Vicisitudes del movimiento político y reivindicativo

Veamos en algunos trazos los movimientos político y reivindicativo, el cual, en Italia, fue generalmente superior al de los otros países, lo que llevó a menudo a conclusiones políticas exageradas.

En particular después del período del «milagro», es decir, después de 1964, el movimiento reivindicativo conoció un impulso importante que culminó en 1969, con relación al hecho de que las premisas del mismo «milagro» se fundaban en los bajos salarios. La clase obrera golpeó pues con energía para obtener por lo menos una compensación por el daño padecido. Pero la dirección de los sindicatos, atenta desde entonces a no trabar las posibilidades de «desarrollo», logró impedir toda salida unitaria al movimiento reivindicativo, con la famosa estrategia de las luchas «articuladas», y subordinando los acuerdos a las posibilidades de los diferentes sectores, categorías y hasta regiones particulares.

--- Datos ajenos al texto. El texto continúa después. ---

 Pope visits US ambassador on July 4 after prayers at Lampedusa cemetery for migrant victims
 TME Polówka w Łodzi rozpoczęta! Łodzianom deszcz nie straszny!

La explosión de 1969, que se produjo después de la reactivación económica, fue esencialmente un ataque obrero contra este tipo de lucha sindical, aunque se mezclaron con él movimientos de otras capas, cada vez mas numerosas y sin perspectiva política propia, como la de los estudiantes, lo cual es un fenómeno común a los otros países capitalistas. Es a partir de ese entonces que se desarrollan movimientos políticos que quieren formar un movimiento revolucionario combinando los dos grandes empujes, el «contestatario» en la escuela y el reivindicativo obrero. En Italia, más que en Francia, la atención se vuelva hacia la clase obrera, y se abre paso una tendencia típicamente obrerista que, sin «transiciones» complicadas, quiere llegar al afrontamiento decisivo contra el poder partiendo de la lucha en las fábricas. A este corriente pertenece, entre otros movimientos, «Lotta Continua».

Otra componente, más política, refleja las dificultades encontradas por los grandes partidos obreros tradicionales para responder a los dos fenómenos más sobresalientes de aquellos años: la «contestación» estudiantil y – en parte – obrera, y la ruptura entre Rusia y China (con su «revolución cultural»). Es el gran momento del maoísmo, renovado – respecto a sus primeras manifestaciones «antirevisionistas» – en un sentido perfectamente stalinista, con su injerto de «revolución cultural» en Occidente. La escisión del «Manifiesto» del PC italiano madura con este nuevo «punto de referencia», y extrae de la historia de aquellos años la lección sobre la manera de injertar al movimiento obrero occidental una garantía anticentralizadora y «antiburocrática». El leninismo estaría así definitivamente liquidado por la Historia, aunque reciba sin embargo todas las «justificaciones» debidas a su época. «Avanguardia Operaia» también se sitúa en esta corriente, partiendo del trotskismo en sus versiones prochina y proestudiantil, para después hacer la experiencia, desarrollada desde luego con habilidad «práctica», de un cóctel «Lenin-Mao-movimiento estudiantil», en el que cambian periódicamente las dosis de las diversas componentes.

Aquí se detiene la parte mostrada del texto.